▸ WHAT IS REQUIRED: Below are some entries; write out each one of them exactly.

Saved data entries
== == ==

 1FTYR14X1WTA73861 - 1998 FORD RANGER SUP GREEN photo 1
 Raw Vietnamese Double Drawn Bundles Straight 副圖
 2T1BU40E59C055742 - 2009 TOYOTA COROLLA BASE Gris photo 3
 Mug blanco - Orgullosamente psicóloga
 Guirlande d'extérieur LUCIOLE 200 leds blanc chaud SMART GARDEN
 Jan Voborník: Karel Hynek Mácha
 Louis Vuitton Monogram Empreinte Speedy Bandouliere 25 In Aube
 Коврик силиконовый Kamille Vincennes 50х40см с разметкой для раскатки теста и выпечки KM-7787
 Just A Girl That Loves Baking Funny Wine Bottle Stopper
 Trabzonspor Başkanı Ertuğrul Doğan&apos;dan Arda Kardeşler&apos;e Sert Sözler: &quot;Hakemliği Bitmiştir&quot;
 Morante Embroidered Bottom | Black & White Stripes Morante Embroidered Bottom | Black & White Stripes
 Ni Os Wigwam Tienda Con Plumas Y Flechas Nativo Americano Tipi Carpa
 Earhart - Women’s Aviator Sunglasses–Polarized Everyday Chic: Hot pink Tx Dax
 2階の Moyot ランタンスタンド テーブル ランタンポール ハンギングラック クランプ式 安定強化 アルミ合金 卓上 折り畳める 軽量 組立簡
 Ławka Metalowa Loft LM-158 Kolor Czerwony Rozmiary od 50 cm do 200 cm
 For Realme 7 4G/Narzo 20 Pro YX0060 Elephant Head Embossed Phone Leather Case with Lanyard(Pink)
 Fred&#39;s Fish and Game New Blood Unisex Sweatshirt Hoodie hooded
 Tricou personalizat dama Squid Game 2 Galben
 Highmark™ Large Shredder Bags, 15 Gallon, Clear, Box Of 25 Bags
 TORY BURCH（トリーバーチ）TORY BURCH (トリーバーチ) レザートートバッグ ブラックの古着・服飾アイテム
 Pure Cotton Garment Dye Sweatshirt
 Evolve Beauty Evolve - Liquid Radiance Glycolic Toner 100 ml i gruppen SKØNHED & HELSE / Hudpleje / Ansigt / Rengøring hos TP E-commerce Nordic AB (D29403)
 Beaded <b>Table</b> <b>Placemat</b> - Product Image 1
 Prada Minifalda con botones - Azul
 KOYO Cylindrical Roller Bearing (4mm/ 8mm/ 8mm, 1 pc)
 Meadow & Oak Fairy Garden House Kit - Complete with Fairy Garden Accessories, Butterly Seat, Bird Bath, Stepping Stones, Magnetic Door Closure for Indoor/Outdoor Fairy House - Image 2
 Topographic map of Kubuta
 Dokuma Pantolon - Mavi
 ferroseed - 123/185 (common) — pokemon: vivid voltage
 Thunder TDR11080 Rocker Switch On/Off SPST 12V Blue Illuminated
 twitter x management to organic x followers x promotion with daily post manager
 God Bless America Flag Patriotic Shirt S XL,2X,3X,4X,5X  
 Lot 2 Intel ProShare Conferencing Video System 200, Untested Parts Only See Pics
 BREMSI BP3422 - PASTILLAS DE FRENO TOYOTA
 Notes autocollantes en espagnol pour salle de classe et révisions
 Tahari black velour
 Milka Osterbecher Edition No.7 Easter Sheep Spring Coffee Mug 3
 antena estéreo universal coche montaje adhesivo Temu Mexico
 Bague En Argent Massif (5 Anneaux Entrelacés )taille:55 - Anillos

== == ==

▸ WRITTEN SOLUTION:
 1FTYR14X1WTA73861 - 1998 FORD RANGER SUP GREEN photo 1
 Raw Vietnamese Double Drawn Bundles Straight 副圖
 2T1BU40E59C055742 - 2009 TOYOTA COROLLA BASE Gris photo 3
 Mug blanco - Orgullosamente psicóloga
 Guirlande d'extérieur LUCIOLE 200 leds blanc chaud SMART GARDEN
 Jan Voborník: Karel Hynek Mácha
 Louis Vuitton Monogram Empreinte Speedy Bandouliere 25 In Aube
 Коврик силиконовый Kamille Vincennes 50х40см с разметкой для раскатки теста и выпечки KM-7787
 Just A Girl That Loves Baking Funny Wine Bottle Stopper
 Trabzonspor Başkanı Ertuğrul Doğan&apos;dan Arda Kardeşler&apos;e Sert Sözler: &quot;Hakemliği Bitmiştir&quot;
 Morante Embroidered Bottom | Black & White Stripes Morante Embroidered Bottom | Black & White Stripes
 Ni Os Wigwam Tienda Con Plumas Y Flechas Nativo Americano Tipi Carpa
 Earhart - Women’s Aviator Sunglasses–Polarized Everyday Chic: Hot pink Tx Dax
 2階の Moyot ランタンスタンド テーブル ランタンポール ハンギングラック クランプ式 安定強化 アルミ合金 卓上 折り畳める 軽量 組立簡
 Ławka Metalowa Loft LM-158 Kolor Czerwony Rozmiary od 50 cm do 200 cm
 For Realme 7 4G/Narzo 20 Pro YX0060 Elephant Head Embossed Phone Leather Case with Lanyard(Pink)
 Fred&#39;s Fish and Game New Blood Unisex Sweatshirt Hoodie hooded
 Tricou personalizat dama Squid Game 2 Galben
 Highmark™ Large Shredder Bags, 15 Gallon, Clear, Box Of 25 Bags
 TORY BURCH（トリーバーチ）TORY BURCH (トリーバーチ) レザートートバッグ ブラックの古着・服飾アイテム
 Pure Cotton Garment Dye Sweatshirt
 Evolve Beauty Evolve - Liquid Radiance Glycolic Toner 100 ml i gruppen SKØNHED & HELSE / Hudpleje / Ansigt / Rengøring hos TP E-commerce Nordic AB (D29403)
 Beaded <b>Table</b> <b>Placemat</b> - Product Image 1
 Prada Minifalda con botones - Azul
 KOYO Cylindrical Roller Bearing (4mm/ 8mm/ 8mm, 1 pc)
 Meadow & Oak Fairy Garden House Kit - Complete with Fairy Garden Accessories, Butterly Seat, Bird Bath, Stepping Stones, Magnetic Door Closure for Indoor/Outdoor Fairy House - Image 2
 Topographic map of Kubuta
 Dokuma Pantolon - Mavi
 ferroseed - 123/185 (common) — pokemon: vivid voltage
 Thunder TDR11080 Rocker Switch On/Off SPST 12V Blue Illuminated
 twitter x management to organic x followers x promotion with daily post manager
 God Bless America Flag Patriotic Shirt S XL,2X,3X,4X,5X  
 Lot 2 Intel ProShare Conferencing Video System 200, Untested Parts Only See Pics
 BREMSI BP3422 - PASTILLAS DE FRENO TOYOTA
 Notes autocollantes en espagnol pour salle de classe et révisions
 Tahari black velour
 Milka Osterbecher Edition No.7 Easter Sheep Spring Coffee Mug 3
 antena estéreo universal coche montaje adhesivo Temu Mexico
 Bague En Argent Massif (5 Anneaux Entrelacés )taille:55 - Anillos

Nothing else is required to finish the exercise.